▶ **How to complete this task**
Exactly as written, output each of the lines below, with no images.

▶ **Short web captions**
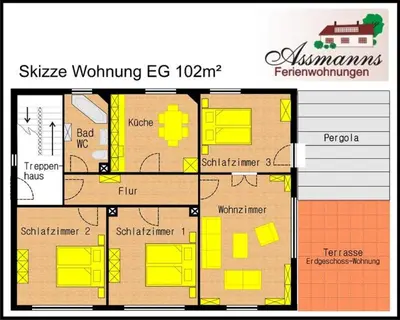 Grundriss der Unterkunft Assmanns Ferienwohnungen Ost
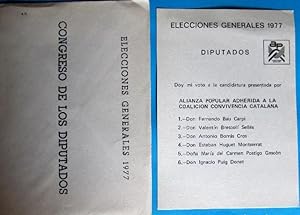 PAPELETA ELECCIONES GENERALES 1977. DIPUTADOS. CON SOBRE. ALIANZA POPULAR. PROVINCIA DE TARRAGONA...
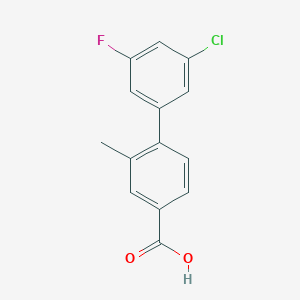 molecular formula C14H10ClFO2 B6404037 4-(3-Chloro-5-fluorophenyl)-3-methylbenzoic acid, 95% CAS No. 1261954-44-2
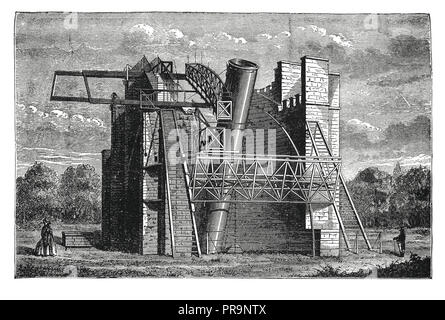 19-th century illustration of Rosse six-foot telescope - a historic reflecting telescope of 72 in (1.8 m) aperture, which was the largest telescope in Stock Photo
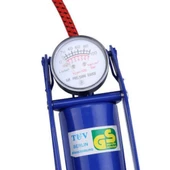 Bisiklet Pompası Top Şişirme Hava Ayak Pompası Basınç Göstergeli Tek Pistonlu - 3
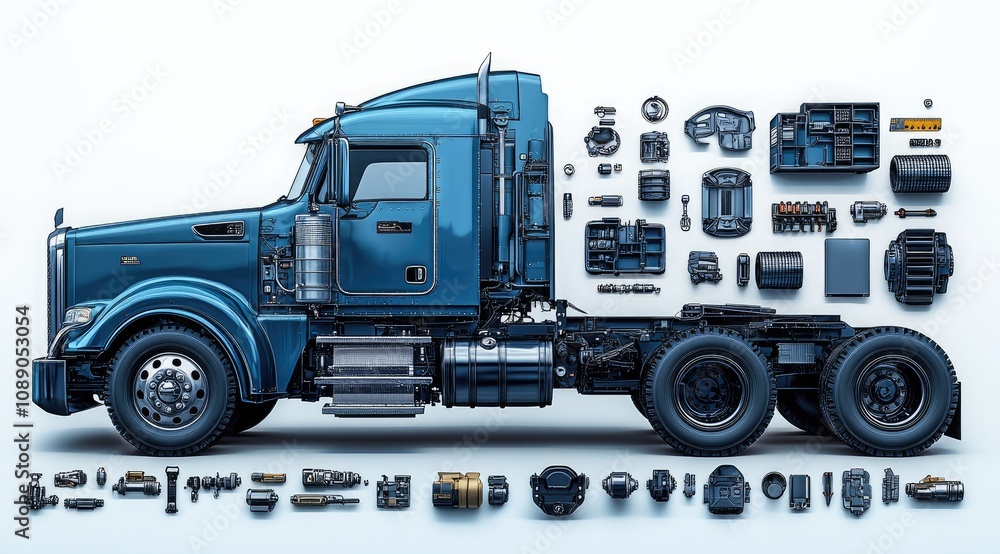 Exploded view of a semi-truck, showcasing its numerous components and parts. Exploded view of a semi-truck, showcasing its numerous components and parts.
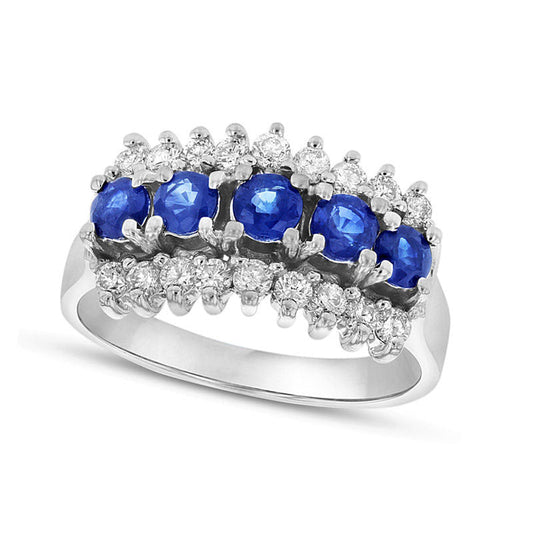Blue Sapphire and 0.50 CT. T.W. Natural Diamond Edge Five Stone Band in Solid 14K White Gold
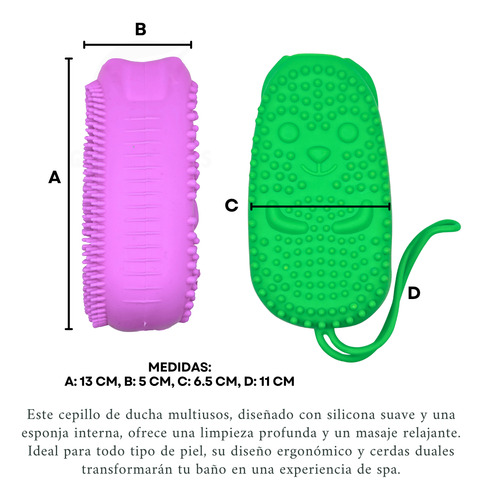 Esponja De Baño Exfoliante De Ducha Cepillo Con Cuerda Spa Morado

▶ **Result of this task**
 Grundriss der Unterkunft Assmanns Ferienwohnungen Ost
 PAPELETA ELECCIONES GENERALES 1977. DIPUTADOS. CON SOBRE. ALIANZA POPULAR. PROVINCIA DE TARRAGONA...
 molecular formula C14H10ClFO2 B6404037 4-(3-Chloro-5-fluorophenyl)-3-methylbenzoic acid, 95% CAS No. 1261954-44-2
 19-th century illustration of Rosse six-foot telescope - a historic reflecting telescope of 72 in (1.8 m) aperture, which was the largest telescope in Stock Photo
 Bisiklet Pompası Top Şişirme Hava Ayak Pompası Basınç Göstergeli Tek Pistonlu - 3
 Exploded view of a semi-truck, showcasing its numerous components and parts. Exploded view of a semi-truck, showcasing its numerous components and parts.
Blue Sapphire and 0.50 CT. T.W. Natural Diamond Edge Five Stone Band in Solid 14K White Gold
 Esponja De Baño Exfoliante De Ducha Cepillo Con Cuerda Spa Morado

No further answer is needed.